**WHAT YOU SHOULD DO:**
None of the images should appear in your copy. Transcribe the data in full.

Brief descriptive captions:
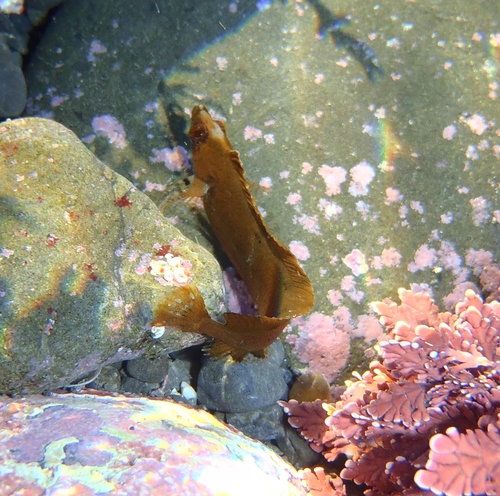 Ericentrus rubrus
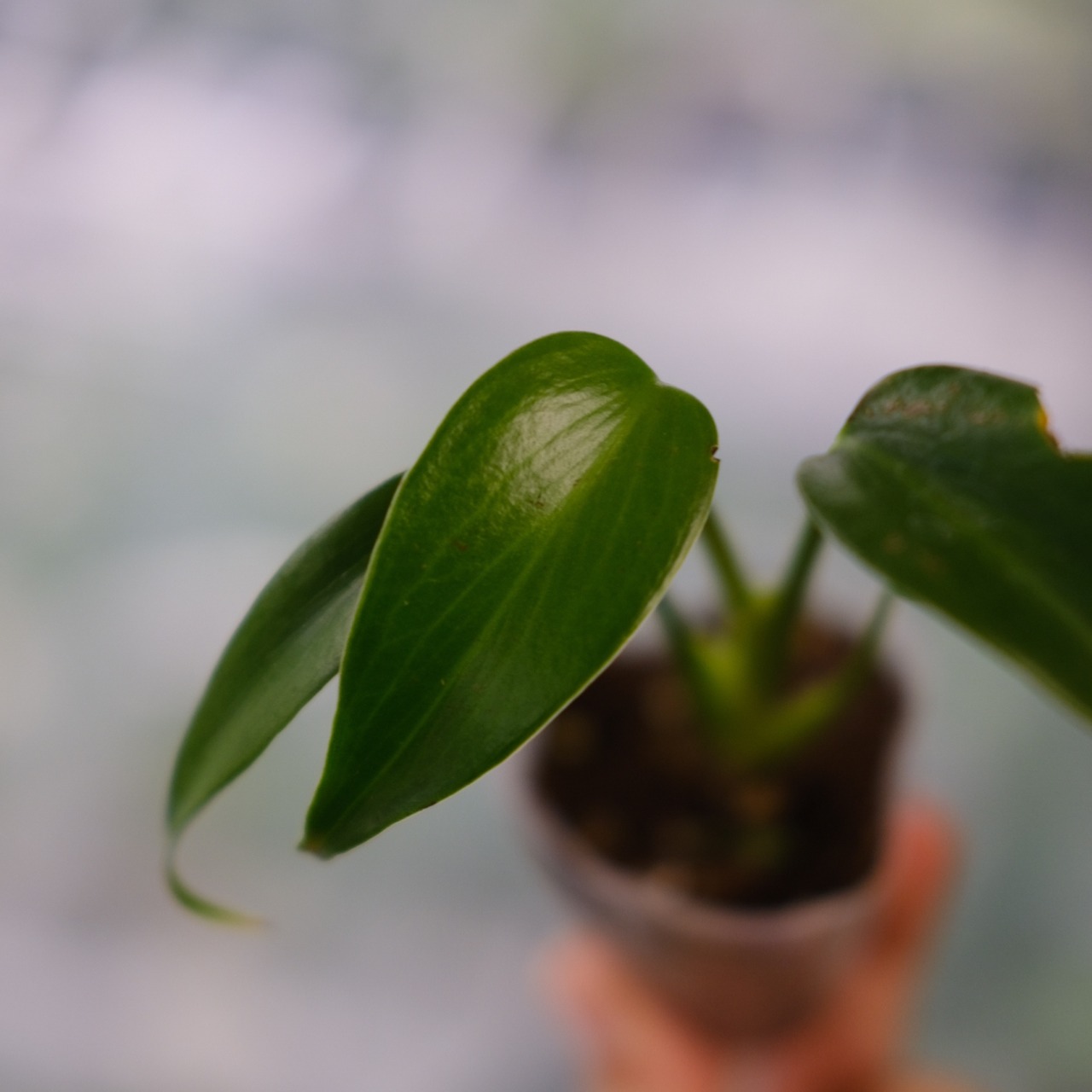 モンステラ バールマルクスフレーム / Monstera 'Burle Marx's Flame④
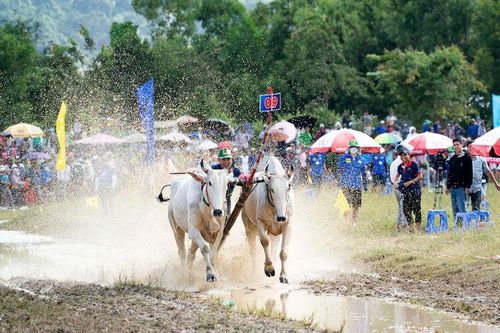 Những tay nài 'siêu đẳng' vùng Bảy Núi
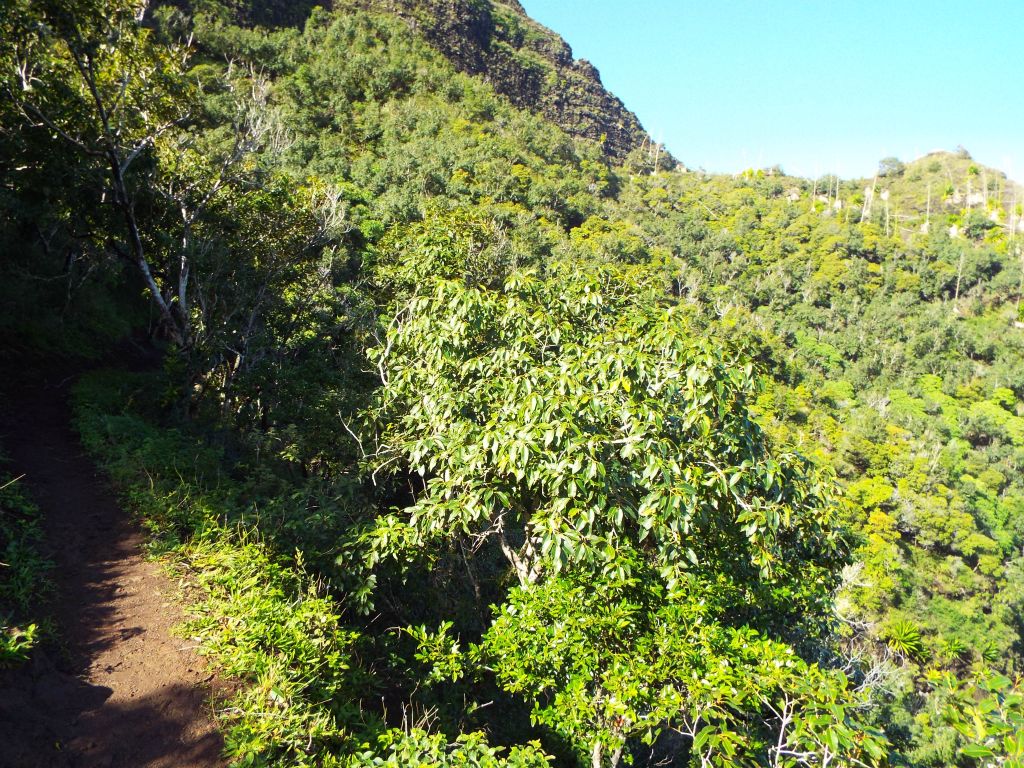 This is considered to be about the halfway spot on the trail to Kalalau Beach.  Here, the trail is slowly winding up and out of the valley.  An overnight permit is required of all hikers continuing beyond this spot:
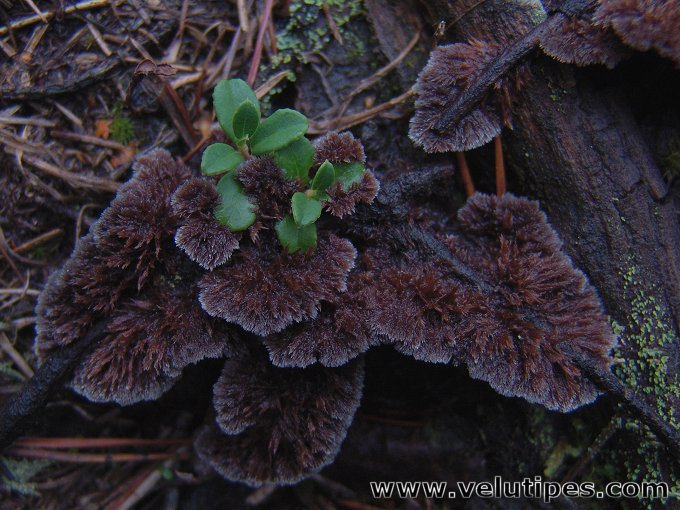 Thelephora terrestris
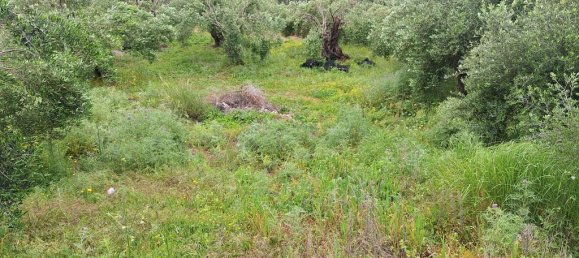 6700m² Land for sale in Corfu, Central Corfu and Diapontian Islands, Corfu, Ionian Islands, Peloponnese, Western Greece and the Ionian, Greece № 93225 9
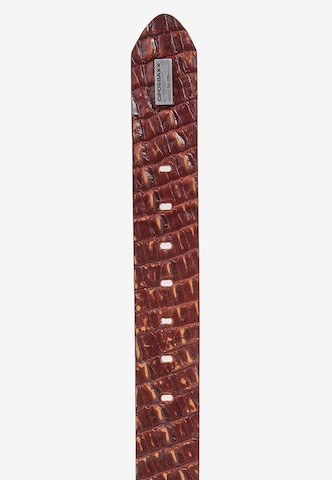 CIPO & BAXX Belt in Brown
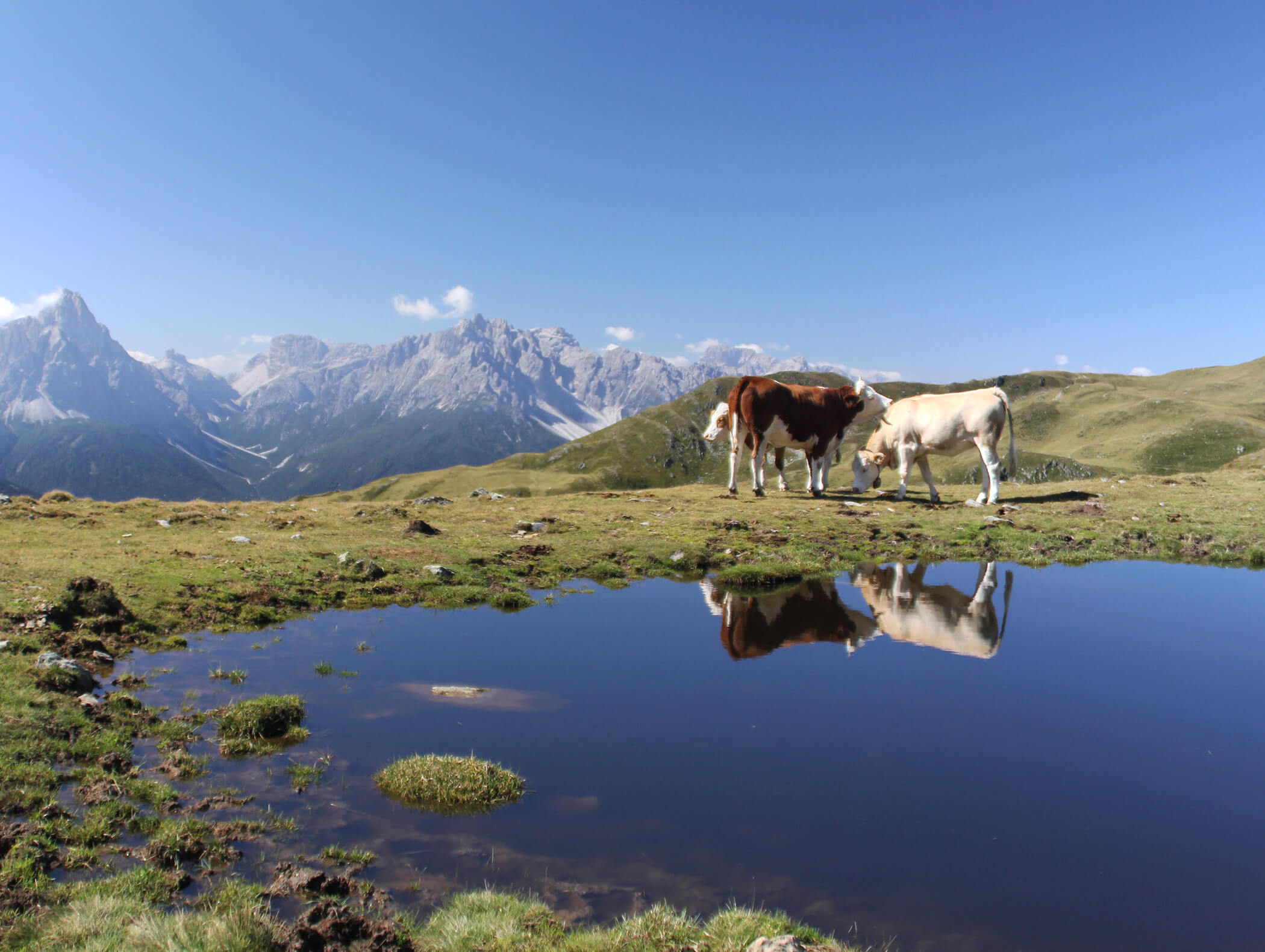 Zwei Kühe stehen an einem klaren Bergteich, mit schneebedeckten Gipfeln und blauem Himmel im Hintergrund. - AMIL chalets dolomites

**EXPECTED ANSWER:**
 Ericentrus rubrus
 モンステラ バールマルクスフレーム / Monstera 'Burle Marx's Flame④
 Những tay nài 'siêu đẳng' vùng Bảy Núi
 This is considered to be about the halfway spot on the trail to Kalalau Beach.  Here, the trail is slowly winding up and out of the valley.  An overnight permit is required of all hikers continuing beyond this spot:
 Thelephora terrestris
 6700m² Land for sale in Corfu, Central Corfu and Diapontian Islands, Corfu, Ionian Islands, Peloponnese, Western Greece and the Ionian, Greece № 93225 9
 CIPO & BAXX Belt in Brown
 Zwei Kühe stehen an einem klaren Bergteich, mit schneebedeckten Gipfeln und blauem Himmel im Hintergrund. - AMIL chalets dolomites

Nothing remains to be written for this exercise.